Friday, July 17, 2015

Moscow’s ‘Putin’s Militant Buryats’ Video Clip for Ukrainians Backfires in Buryatia



Paul Goble

            Staunton, July 17 – Buryats in Buryatia laughed when the first reports came in that Buryats were fighting for Moscow in Ukraine. They cried when the first bodies and injured Buryats were returned to their homeland. But they have had quite enough with the Kremlin’s latest effort to exploit them as spokesman for “a Russian world from sea to sea.”

            In a commentary on Ekho Moskvy, Buryat journalist Aleksandra Garmazhalova writes that Buryat casualties from the war in Ukraine had already sparked social and political tensions in her republic, even though Russian officials “insistently recommended that local media ‘not touch this theme’” (echo.msk.ru/blog/garmazhapova/1585974-echo/).

            Nonetheless, because of the interest of the Buryats in their co-nationals, some independent journals, like “Novaya Buryatia,” took it up and even tried to raise money to help the injured. Buryats also learned that those who had gone to Ukraine had done so only because they were promised enormous sums of money.

            All this was “unpleasant,” Garmazhalova writes, but people were prepared to tolerate it. But their tolerance for Moscow’s exploitation of Buryats in the Ukrainian war ended when the Russian government put out its “Putin’s Militant Buryats’” video clip a week ago and when that clip (youtube.com/watch?v=Y5avTS5H7o0) went viral.

            The statements by those featured on the clip in support of “the Russian world” were too much. Buryat models Viktoria Maladayeva and Mariya Shantanova denounced them as did Buryat director Solbon Lygdenov who was upset, as many Buryats are, that any small group would presume to speak for all Buryats on such things.

            It quickly became know, the Buryat journalist says, that those involved in the clip were all “activists from Irkutsk” rather than from Buryatia proper. That led many Buryats to breathe a sigh of relief: “Well, thank God, at least they aren’t ours.”

            But that is not “the main thing,” Garmazhalova says. “In [her] worst nightmare,” she writes, she “could not imagine that Buryats (not as volunteers but all the same) would go to fight for ‘the Russian world’ given that they would have to know what the imposition of imperial ideology and nationalism would mean for [them].”

            Buryats know from their own experiences that what the Rogozins and Zhirinovskys complain about in Ukraine really exists in Russian cities and that they are the victims of the worst kind of ethnic discrimination and mistreatment.

            Buryats and members of other ethnic minorities in Russia “have become accustomed not to leave home on November 4 (the Day of National Unity) and on April 20 (Adolf Hitler’s birthday).” They also “are accustomed that the police will check our passports,” that they will find it hard to rent an apartment or even get a job.

            In many Russian cities, “apartments are now rented ‘only to Russians,’” and people are hired for work in those places only if they have “’a Slavic appearance.’” And in addition, the Buryat journalist writes, “we have become accustomed to hear from acquaintances” that Russians transfer their children to other schools if there are “too many” minority pupils.

            Many may remember that a Buryat was not allowed to win the Mrs. St. Petersburg contest because officials said “’the first beauty in a European city could not be a Buryat woman.” And they may also recall that Elmira Abdrazakova, who did win the Miss Russia contest in 2013 was abused as someone who should never have been named “the main Russian beauty.”

            Given all that, how can anyone think that “we want ‘a Russian world’ ‘from sea to sea,’” a world in which there are the “’titular’” people and “’the outcasts?’” Garmazhalova says that she would not presume to speak for everyone but as for herself, she wants “simply a world for all” in which all are treated equally and fairly.
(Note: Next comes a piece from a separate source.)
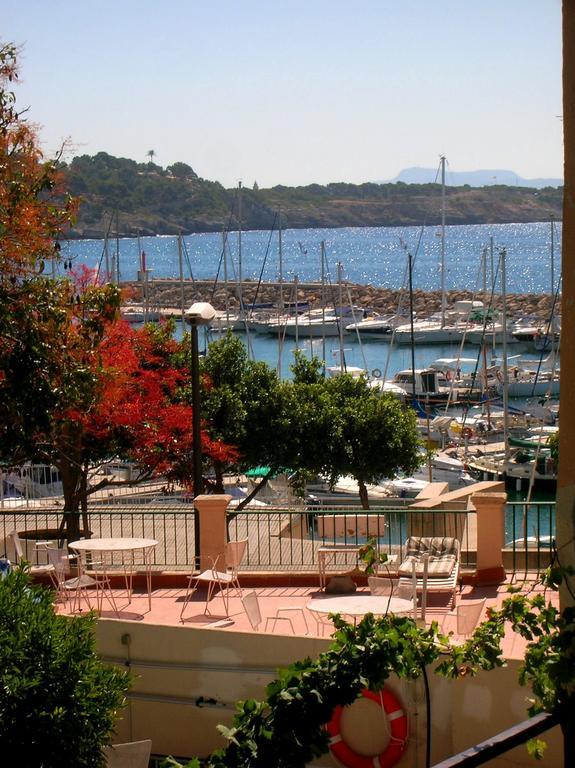 La Mimosa Guesthouse Palma de Mallorca Bagian luar foto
            Not long ago, she continues, a Russian came up to her in the St. Petersburg metro and said she should give up her seat to him because she, “as a representative of ‘a lower caste,’” should defer to him as a member of “’a higher caste.’”  When she responded that if he didn’t like to use public transportation, he should buy a Ferrari, the situation almost degenerated into a fight.

            Such individuals “like Russia as a whole” need to “learn to respect others.”  But “that perhaps is too difficult?  It is much simpler to solve a problem with one’s fists and tanks.”